What is being asked: Copy nothing but the lines below, from the one with "Wyk auf Foehr" through the one with "VOLKSWAGEN PASSAT 2014", exactly as written; no pictures should appear.

Data for review:
────────
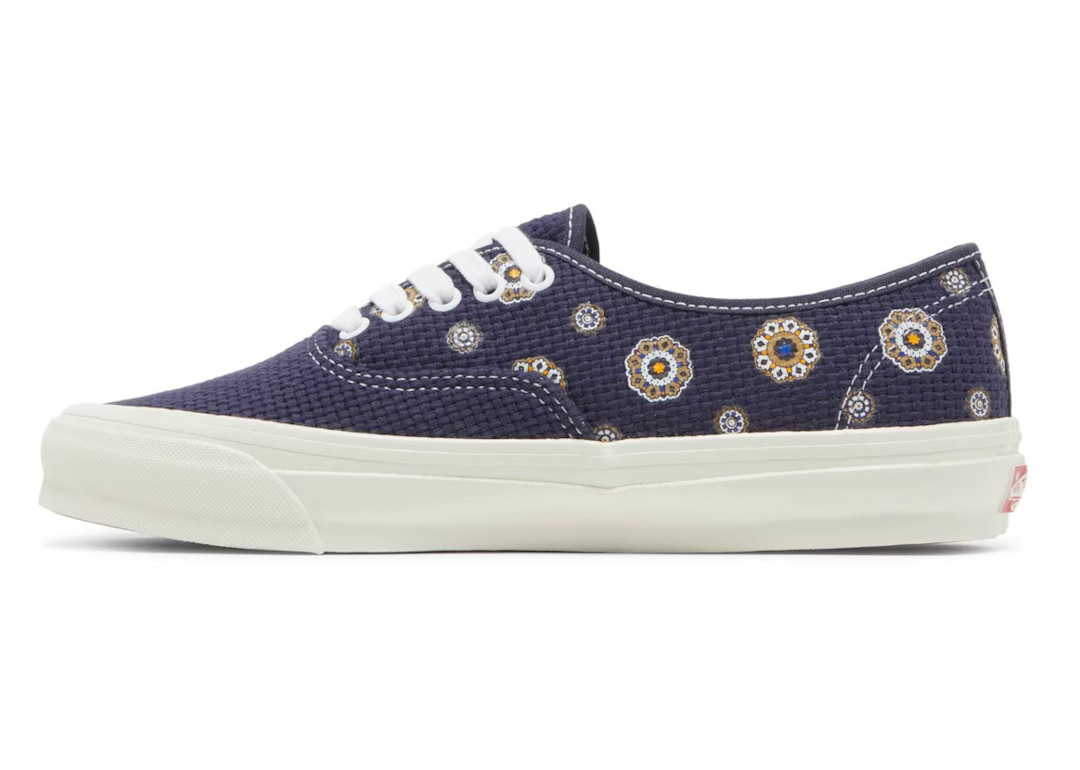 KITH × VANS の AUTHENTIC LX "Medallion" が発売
────────
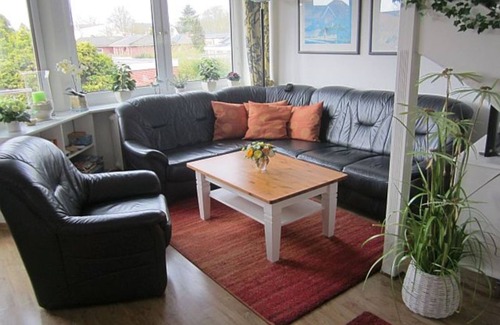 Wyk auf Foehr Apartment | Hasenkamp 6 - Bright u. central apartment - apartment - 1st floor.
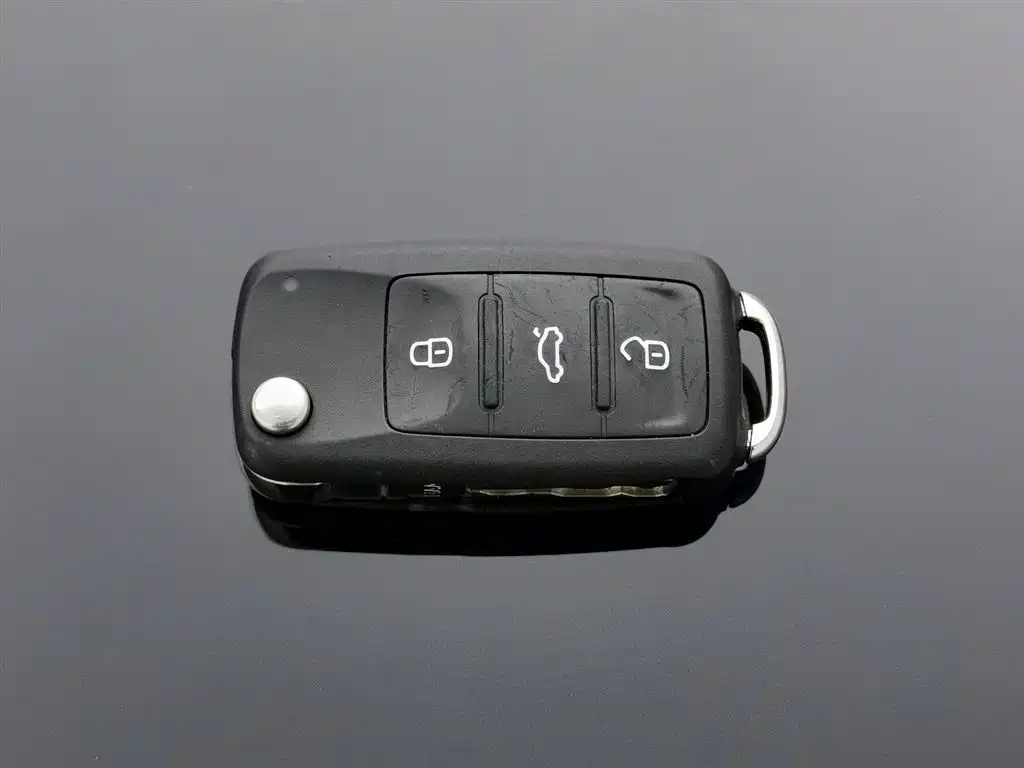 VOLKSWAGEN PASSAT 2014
────────
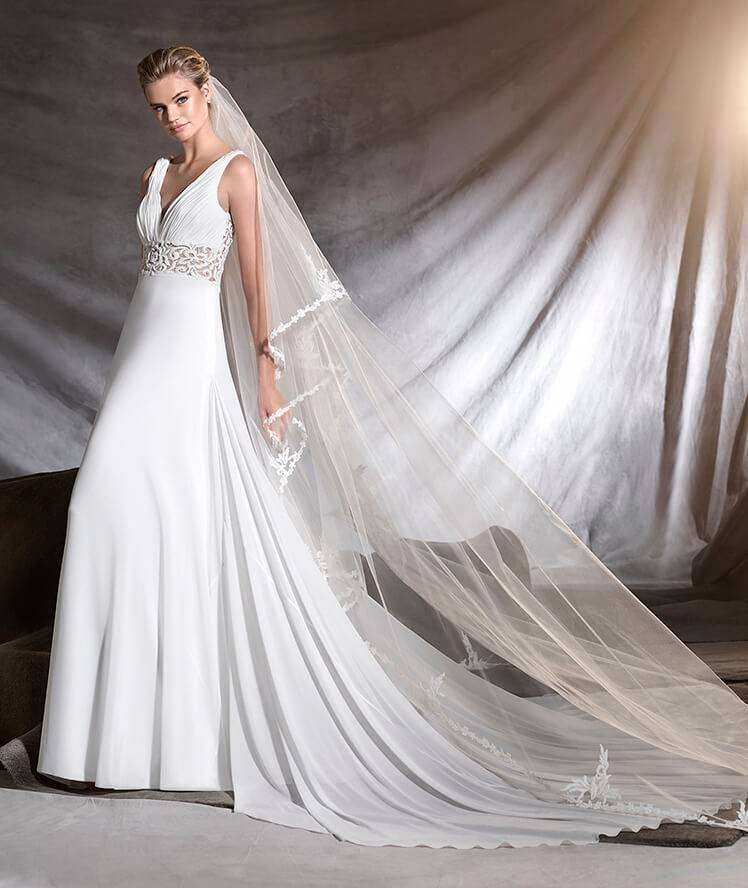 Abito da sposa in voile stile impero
────────
Result of this exercise:
 Wyk auf Foehr Apartment | Hasenkamp 6 - Bright u. central apartment - apartment - 1st floor.
 VOLKSWAGEN PASSAT 2014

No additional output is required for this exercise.